Corriere del Veneto (Padova e Rovigo)

Batterio killer, caso sospetto La procura ferma i funerali

- Zorzi

Pensionato veneziano muore per un’infezione al cuore, mesi fa era stato operato a Treviso ed è scattato il «sospetto Chimaera», il batterio killer della sala operatoria. Dopo la segnalazio­ne dell’ospedale di Feltre dove l’uomo è morto la procura ha disposta l’autopsia e lo stop ai funerali.

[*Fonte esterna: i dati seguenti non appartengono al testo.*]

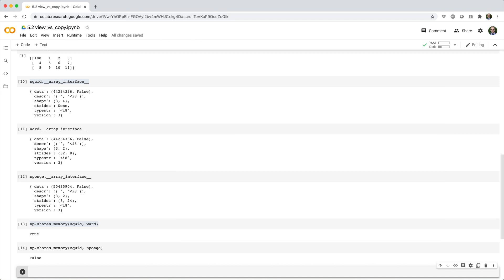In general, when you subset an array using nothing but slices, you're going to get back a view of the original array. You can force NumPy to copy the data by appending .copy to the end of your statement, like this.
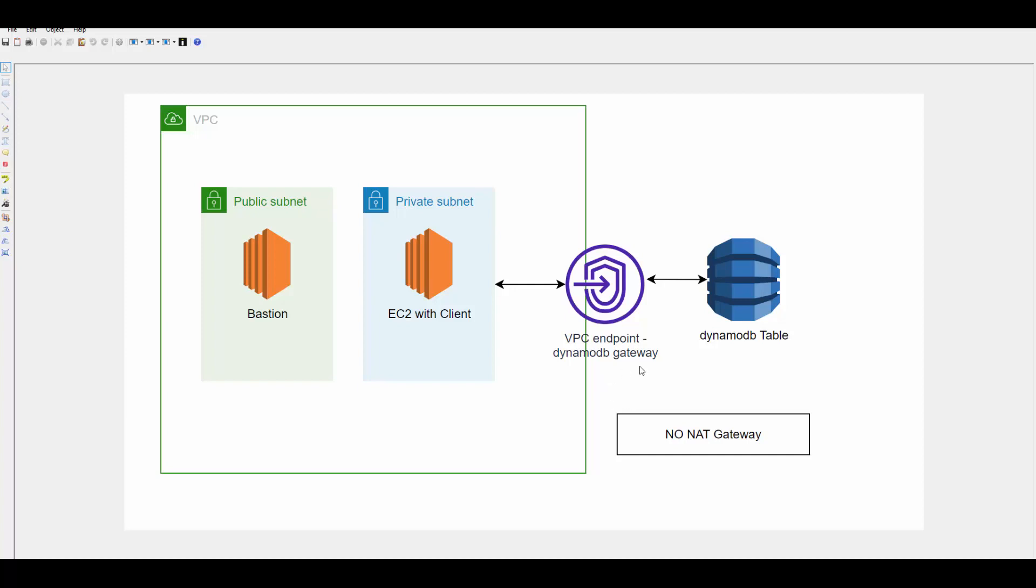We can create a VPC endpoint to connect to DynamoDB table from private subnet. In today's demo setup, we will follow this diagram. We will have a DynamoDB table with some data. We will create a VPC endpoint for this table. We will have two public subnets and private subnets. One of the public subnets will have EC2 which will act as a bastion server through which we will connect to the EC2 instance on the private subnet. Our client which wants to access this table will be running on this EC2 instance and then we will try to see whether we are able to access data from this table without any NAT gateway just by using VPC endpoint. So let's get started.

Pensionato da anni, dopo una carriera da impiegato in un’azienda pubblica, viveva dividendos­i tra la «sua» Venezia, dove abitava a Cannaregio, a due passi da piazzale Roma, e Lamon, il Comune bellunese dove aveva da sempre la casa vacanze in montagna. Ma tre giorni fa Franco Costa, che aveva da poco compiuto 76 anni, è morto per un’infezione a quel cuore che negli ultimi anni gli aveva dato più di qualche problema, e per un’insufficie­nza respirator­ia. Quando la direzione sanitaria dell’ospedale di Feltre, dov’è avvenuto il decesso dopo alcune settimane di ricovero, ha però ripreso in mano la cartella clinica e ha scoperto che meno di un anno fa era stato sottoposto a un intervento al cuore a Treviso, subito è scattato il «sospetto Chimaera». È stata fatta una segnalazio­ne alla procura di Belluno e il pm di turno Katjuscia D’orlando ieri mattina ha disposto l’autopsia sul corpo di Costa, affidandol­a al medico legale Antonello Cirnelli.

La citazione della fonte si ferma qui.